Every picture should be left out, but the lines below must be repeated exactly.

(Collected data entries)
-.-.-

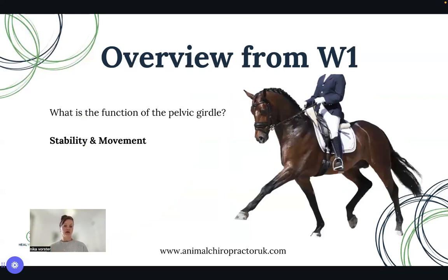Let's have a brief overview from webinar one on pelvic function. In my opinion, the function of the pelvic girdle is for stability, which then creates movement and power. This stability covers many areas: support and protection, movement and mobility, transmission of forces from front end to back end, muscular attachments, and reproductive support — especially for mares, but also for stallions, as any pelvic girdle issue will affect their ability to perform.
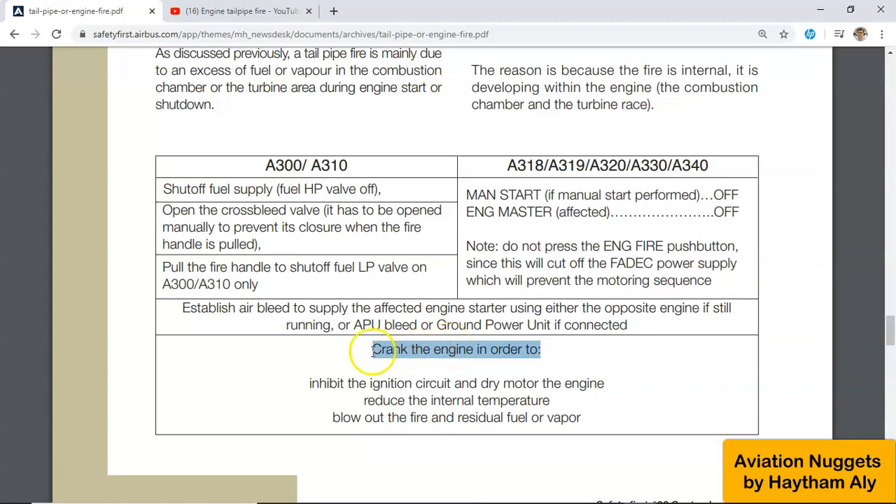For tailpipe fire, you just need to crank the engine. Cranking means no ignition — it is dry motoring the engine with no fuel and no ignition. You crank the engine in order to inhibit the ignition circuit and dry motor the engine to reduce the internal temperature. The airflow will blow out the fire and any residual fuel vapor.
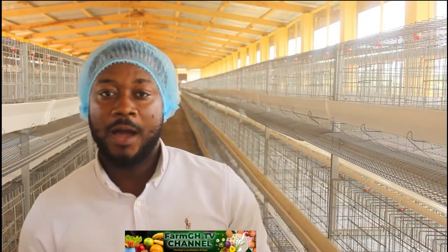Welcome to FarmGH TV. We are going to take you through the differences, the importance, and the benefits of deep litter and battery cage systems. Deep litter, in the normal sense, is the traditional way of brooding or raising chicks in the house — they are mostly confined in a zone and the feed and everything is kept inside the house.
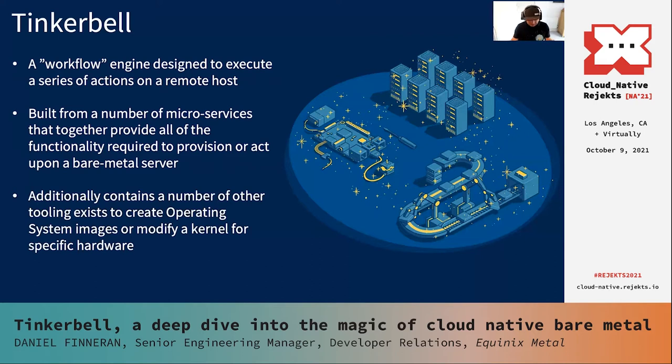Not only is there the Tink stack, there's also additional tooling. Some of this tooling allows an end user to create operating system images, and some allows an end user to modify the in-memory operating system that does the provisioning work. We want to make it easy for end users to build kernels that have the drivers for their specific hardware. They can take the project known as Hook, add in the drivers they want, do a make, and they'll be given their own in-memory operating system with support for their own platforms, hardware, and infrastructure.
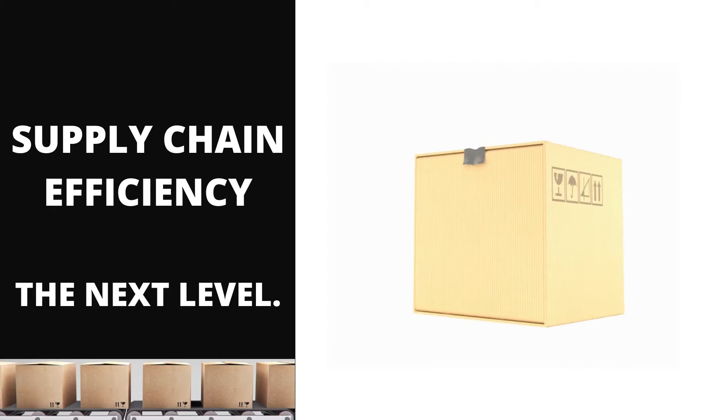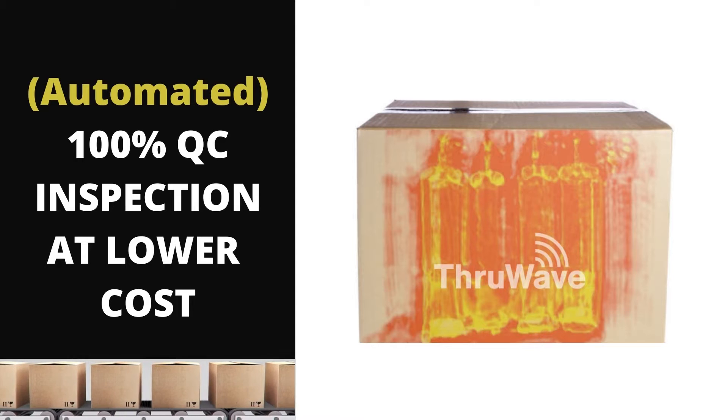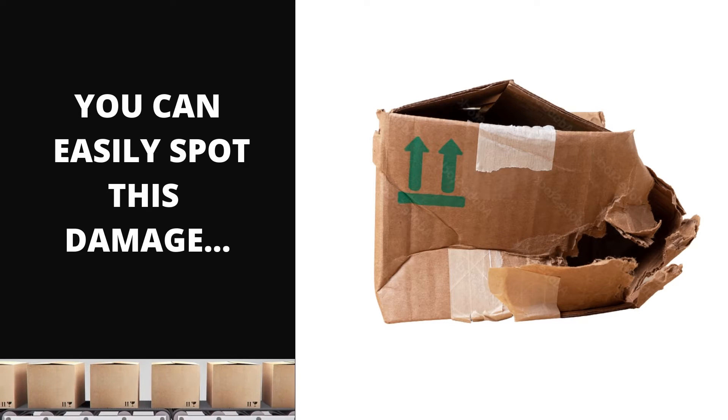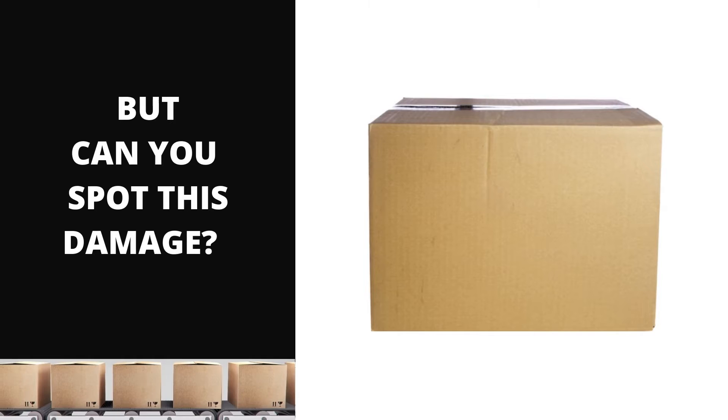Discover the next level of supply chain efficiency with automated 100% QC inspection. You can easily spot the damage on this box, but can you spot the damage inside this box? We can.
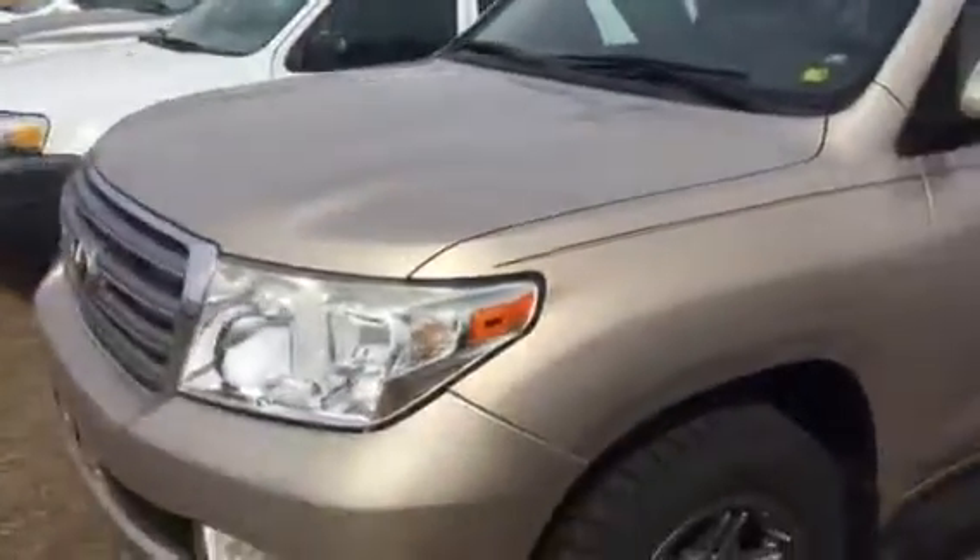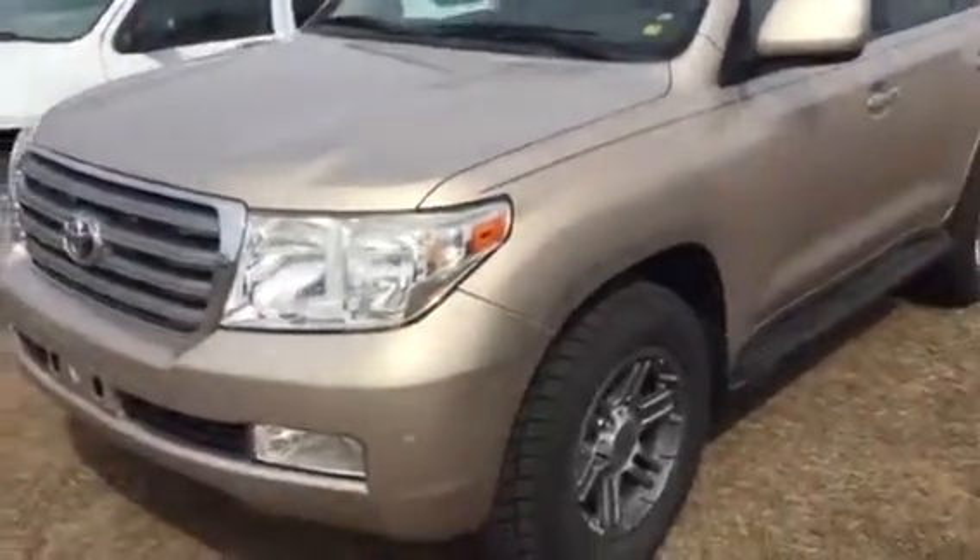Anyway, I wanted to show you this. I'll get you a better look at the inside and the rest of it as soon as I possibly can. It'll probably be a few days before this gets cleaned and ready for the lot, but at least we have the ball rolling. Thank you so much.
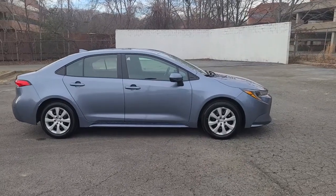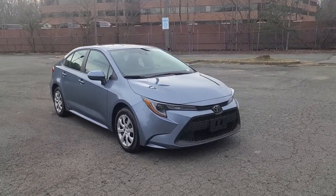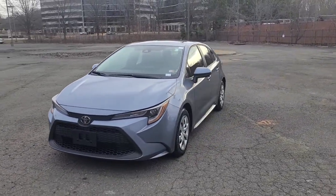Here is a wonderful 2022 Toyota Corolla. This vehicle is an outstanding buy with fewer than 40,000 miles on the odometer. Here's a Corolla sedan that's waiting to show you how much fun your daily commute can be.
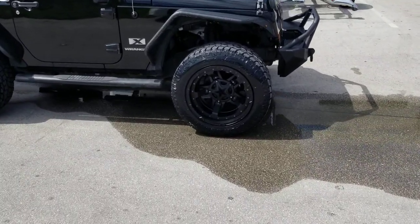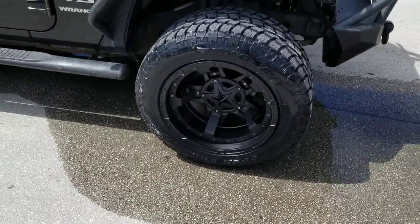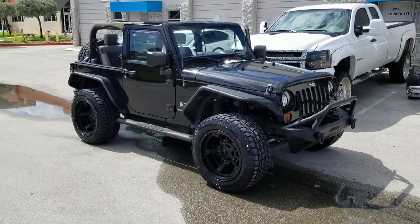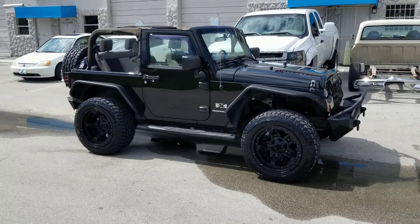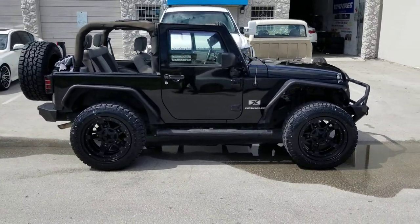Right now we're looking at the Rockstar 3 — 20x12, 33-inch tires. No lift or anything because it has off-road bumpers and off-road fenders on it, so not much you got to do to make this work. Great looking wheel, comes out really nice on the Jeep.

-.-.-

ANSWER TO THE PROBLEM —
Let's have a brief overview from webinar one on pelvic function. In my opinion, the function of the pelvic girdle is for stability, which then creates movement and power. This stability covers many areas: support and protection, movement and mobility, transmission of forces from front end to back end, muscular attachments, and reproductive support — especially for mares, but also for stallions, as any pelvic girdle issue will affect their ability to perform.
For tailpipe fire, you just need to crank the engine. Cranking means no ignition — it is dry motoring the engine with no fuel and no ignition. You crank the engine in order to inhibit the ignition circuit and dry motor the engine to reduce the internal temperature. The airflow will blow out the fire and any residual fuel vapor.
Welcome to FarmGH TV. We are going to take you through the differences, the importance, and the benefits of deep litter and battery cage systems. Deep litter, in the normal sense, is the traditional way of brooding or raising chicks in the house — they are mostly confined in a zone and the feed and everything is kept inside the house.
Not only is there the Tink stack, there's also additional tooling. Some of this tooling allows an end user to create operating system images, and some allows an end user to modify the in-memory operating system that does the provisioning work. We want to make it easy for end users to build kernels that have the drivers for their specific hardware. They can take the project known as Hook, add in the drivers they want, do a make, and they'll be given their own in-memory operating system with support for their own platforms, hardware, and infrastructure.
Discover the next level of supply chain efficiency with automated 100% QC inspection. You can easily spot the damage on this box, but can you spot the damage inside this box? We can.
Anyway, I wanted to show you this. I'll get you a better look at the inside and the rest of it as soon as I possibly can. It'll probably be a few days before this gets cleaned and ready for the lot, but at least we have the ball rolling. Thank you so much.
Here is a wonderful 2022 Toyota Corolla. This vehicle is an outstanding buy with fewer than 40,000 miles on the odometer. Here's a Corolla sedan that's waiting to show you how much fun your daily commute can be.
Right now we're looking at the Rockstar 3 — 20x12, 33-inch tires. No lift or anything because it has off-road bumpers and off-road fenders on it, so not much you got to do to make this work. Great looking wheel, comes out really nice on the Jeep.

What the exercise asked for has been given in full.